» What needs to be done:
Nothing in the data should be left out, so repeat it all exactly.

*** Block opens ***

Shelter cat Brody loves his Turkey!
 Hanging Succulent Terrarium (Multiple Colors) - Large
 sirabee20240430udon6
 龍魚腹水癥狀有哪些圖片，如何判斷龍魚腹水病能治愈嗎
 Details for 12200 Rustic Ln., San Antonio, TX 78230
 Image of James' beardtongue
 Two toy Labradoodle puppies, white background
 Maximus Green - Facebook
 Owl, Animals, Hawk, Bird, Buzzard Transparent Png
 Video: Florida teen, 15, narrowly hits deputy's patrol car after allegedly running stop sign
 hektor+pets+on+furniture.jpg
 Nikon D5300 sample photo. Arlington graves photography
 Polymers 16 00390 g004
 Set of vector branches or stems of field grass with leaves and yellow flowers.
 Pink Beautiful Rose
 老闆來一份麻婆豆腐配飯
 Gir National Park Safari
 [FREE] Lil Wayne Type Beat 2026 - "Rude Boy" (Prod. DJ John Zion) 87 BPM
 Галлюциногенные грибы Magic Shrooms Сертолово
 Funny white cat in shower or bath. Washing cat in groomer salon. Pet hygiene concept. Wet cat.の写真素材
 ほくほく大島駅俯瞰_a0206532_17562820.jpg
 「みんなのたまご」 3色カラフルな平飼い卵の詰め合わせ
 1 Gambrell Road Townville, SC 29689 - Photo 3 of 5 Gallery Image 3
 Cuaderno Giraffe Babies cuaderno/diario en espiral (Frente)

*** Block closes ***

» Exercise response:
Shelter cat Brody loves his Turkey!
 Hanging Succulent Terrarium (Multiple Colors) - Large
 sirabee20240430udon6
 龍魚腹水癥狀有哪些圖片，如何判斷龍魚腹水病能治愈嗎
 Details for 12200 Rustic Ln., San Antonio, TX 78230
 Image of James' beardtongue
 Two toy Labradoodle puppies, white background
 Maximus Green - Facebook
 Owl, Animals, Hawk, Bird, Buzzard Transparent Png
 Video: Florida teen, 15, narrowly hits deputy's patrol car after allegedly running stop sign
 hektor+pets+on+furniture.jpg
 Nikon D5300 sample photo. Arlington graves photography
 Polymers 16 00390 g004
 Set of vector branches or stems of field grass with leaves and yellow flowers.
 Pink Beautiful Rose
 老闆來一份麻婆豆腐配飯
 Gir National Park Safari
 [FREE] Lil Wayne Type Beat 2026 - "Rude Boy" (Prod. DJ John Zion) 87 BPM
 Галлюциногенные грибы Magic Shrooms Сертолово
 Funny white cat in shower or bath. Washing cat in groomer salon. Pet hygiene concept. Wet cat.の写真素材
 ほくほく大島駅俯瞰_a0206532_17562820.jpg
 「みんなのたまご」 3色カラフルな平飼い卵の詰め合わせ
 1 Gambrell Road Townville, SC 29689 - Photo 3 of 5 Gallery Image 3
 Cuaderno Giraffe Babies cuaderno/diario en espiral (Frente)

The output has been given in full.